Let $\mathbb R \times [-\pi, \pi]$ be given the topology induced from $\mathbb R^2 \simeq \mathbb C.$ Consider the map $\mathcal E : \mathbb R \times [-\pi, \pi] \longrightarrow \mathbb C^{\times}$ defined by $(x,y) \mapsto e^{x + iy} = (e^x \cos y, e^x \sin y).$

$(a)$ Let $X$ be the quotient space obtained from $\mathbb R \times [-\pi, \pi]$ under the equivalence relation generated by $(x, \pi) \sim (x, -\pi).$ Show that there is an induced continuous map $\widetilde {\mathcal E} : X \longrightarrow \mathbb C^{\times}.$

$(b)$ Show that $\widetilde {\mathcal E}$ is a bijection.

$(c)$ Prove or disprove $:$ The map $\widetilde {\mathcal E}$ is a homeomorphism.

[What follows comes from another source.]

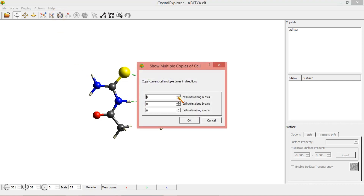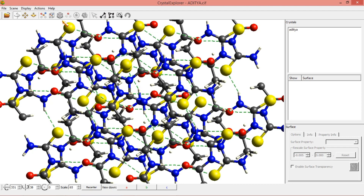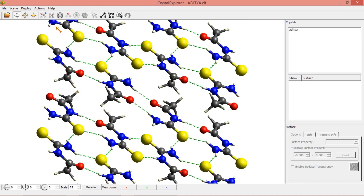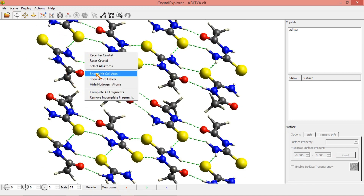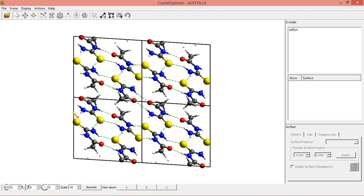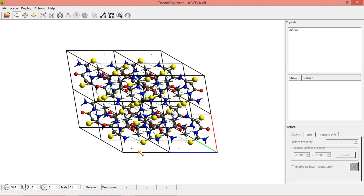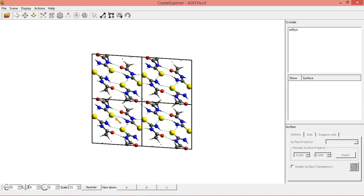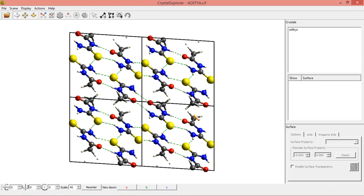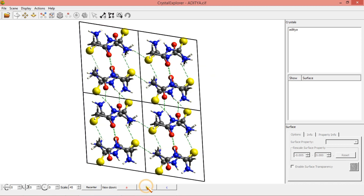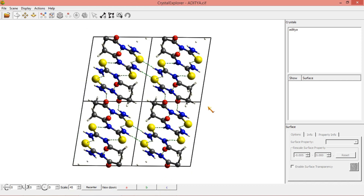I am increasing along A axis 1, B axis 1, C axis 1 — each by 1. You can see along the A axis how the structure looks. I will draw the unit cell to show it. This is the packing structure along the A axis showing inter and intramolecular interactions. Next, along the B axis — this is how inter and intramolecular interactions appear. And along the C axis, this is the way we can see inter and intramolecular interactions.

My Attempt $:$ $(a)$ is clear as for any $x \in \mathbb R$ we have $\mathcal E (x, \pi) = \mathcal E (x, -\pi),$ as can be easily checked. For $(b)$ we notice that if $e^x \cos y = e^u \cos v$ and $e^x \sin y = e^u \sin v$ then by squaring and adding we have $e^{2 x} = e^{2 u}$ and now taking natural logarithm in both sides we can conclude that $x = u.$ So $\cos y = \cos v$ and $\sin y = \sin v$ which is only possible if $y = v + 2 n \pi,$ for some integer $n$ and $y - v = 2 n \pi.$ So if we restrict $y, v \in [-\pi, \pi]$ then $n = 0, \pm 1$ and in either case $(x,y) \sim (u,v).$ This shows that $\widetilde {\mathcal E}$ is injective. For surjectivity of $\widetilde {\mathcal E}$ what I got is that given $(p,q) \in \mathbb C^{\times}$ we have $\widetilde {\mathcal E} \left (\ln \sqrt {p^2 + q^2}, \arcsin \frac {q} {\sqrt {p^2 + q^2}} \right ) = (p,q),$ if $p \geq 0$ and $\widetilde {\mathcal E} \left (\ln \sqrt {p^2 + q^2}, \pi - \arcsin \frac {q} {\sqrt {p^2 + q^2}} \right ) = (p,q),$ if $p \lt 0.$ So $\widetilde {\mathcal E}$ is surjective and hence a bijection. The above formula in fact gives rise to the inverse of $\widetilde {\mathcal E}$ which is given by $$\widetilde F : (p,q) \longmapsto \begin{cases} \left [\left (\ln \sqrt {p^2 + q^2}, \arcsin \frac {q} {\sqrt {p^2 + q^2}} \right ) \right ] & \text{if}\ p \geq 0 \\ \left [\left (\ln \sqrt {p^2 + q^2}, \pi - \arcsin \frac {q} {\sqrt {p^2 + q^2}} \right ) \right ] & \text{if}\ p \lt 0 \end{cases}$$ and in order to show it's continuity it is enough to show the continuity of the following function $$F : (p,q) \longmapsto \begin{cases} \left (\ln \sqrt {p^2 + q^2}, \arcsin \frac {q} {\sqrt {p^2 + q^2}} \right ) & \text{if}\ p \geq 0 \\ \left (\ln \sqrt {p^2 + q^2}, \pi - \arcsin \frac {q} {\sqrt {p^2 + q^2}} \right ) & \text{if}\ p \lt 0 \end{cases}$$

which can be clearly seen to be continuous by pasting lemma. But I am not quite sure about the last part as to whether $F$ actually serves the purpose of $\widetilde {\mathcal E}$ and for some reason I believe that $F$ fails to be onto in the second factor on $[-\pi, \pi]$ as $\arcsin$ function only takes values in $\left [-\frac {\pi} {2}, \frac {\pi} {2} \right ].$ Did I make any mistake?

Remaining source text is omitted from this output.